三度目の正直、執念の銅=涙の中学時代、努力で覚醒―最年長、柔道橋本選手〔五輪〕
日本柔道男子史上、最年長五輪出場の73キロ級、橋本壮市選手(32)=パーク24。「下手くそ」だった中学時代、人一倍の努力で実力を蓄えた。壮年の柔道家は三度目の正直でようやく五輪の畳にこぎ着け、銅メダルをつかみ取った。
サッカーや体操もこなした幼少期。柔道は小学1年から始めた。指導した育誠館道場(浜松市)の杉山崇館長(48)は、胸板が厚くがっちりした体つきが印象に残っている。「前に出て技を出せ」と口酸っぱく言い、基礎を磨いた。
「もっと強くなりたい」。橋本選手はふるさとの浜松市を離れ、全国の精鋭が集う東海大相模中(相模原市)に進学。両親は後年、当時の先輩から「入学当初、壮市は一番下手くそで毎日寮で泣いていた」と聞かされた。父圭右さん(60)は「泣き言は聞いたことがない。陰で努力したのだろう」と推し量る。

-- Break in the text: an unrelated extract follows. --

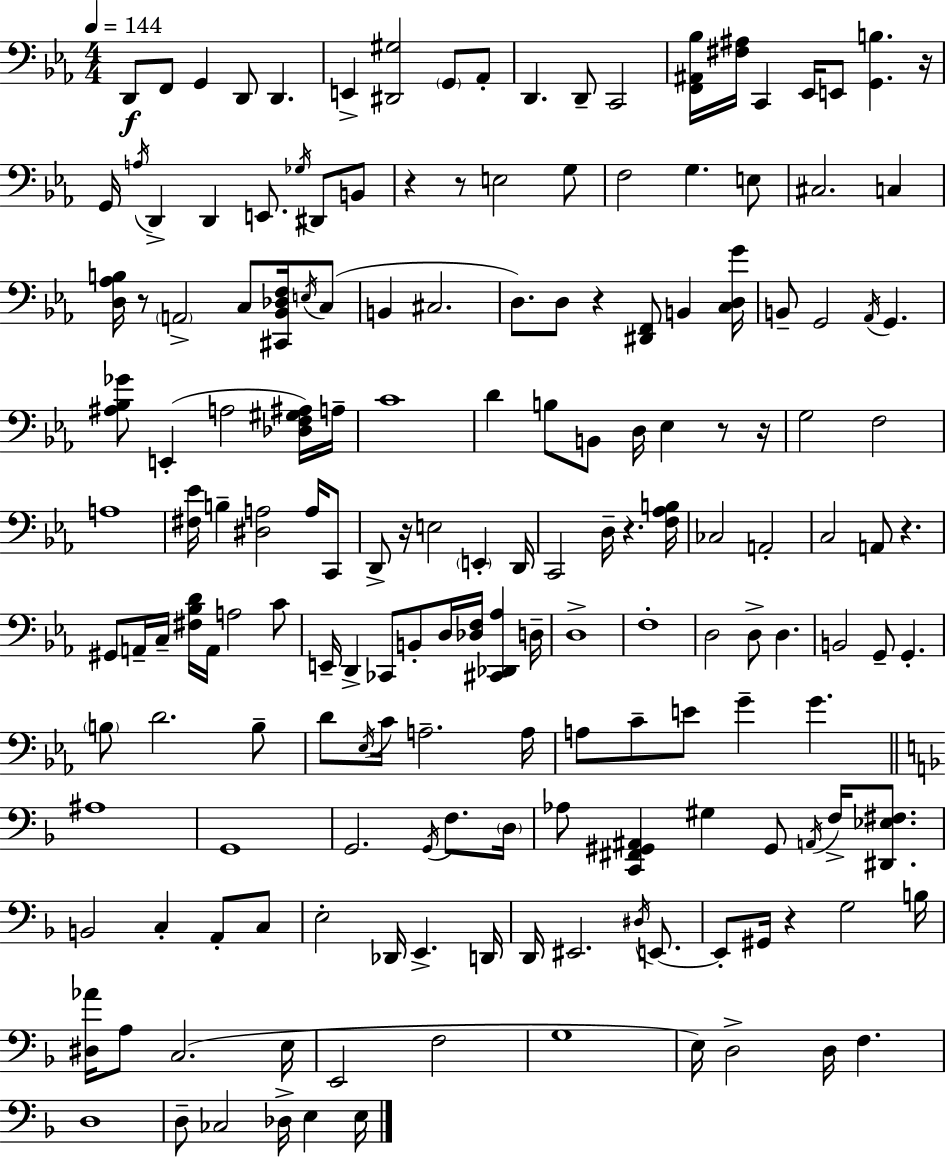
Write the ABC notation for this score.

練習前の自主トレ、就寝前の走り込み。周りが休む間も橋本選手は鍛錬を続けた。当時を知る関係者は「人の3倍、4倍努力していた」と話す。中高時代の恩師林田和孝さん(72)によると、橋本選手は「(柔道の)目覚めは遅かったが高2ぐらいから強くなった」といい、高3で念願のインターハイ優勝を果たした。
世界を見据え、73キロ級に階級変更した。だが、同い年の大野将平さん(32)が立ちはだかり、リオデジャネイロ、東京両五輪は大野さんとの代表争いに敗れた。国際大会の成績を基に算出される世界ランクは橋本選手が1位だったが、「引退」の二文字が頭をよぎった。
「1位なんだからやめることないよ。まだ試合が見たいな」。母美喜恵さん(60)の言葉に奮起、畳に上がり続けた。この間、大野さんが一線を退き、長女が誕生。家族のため、自らの強さを示すために突き進み、代表の座を射止めた。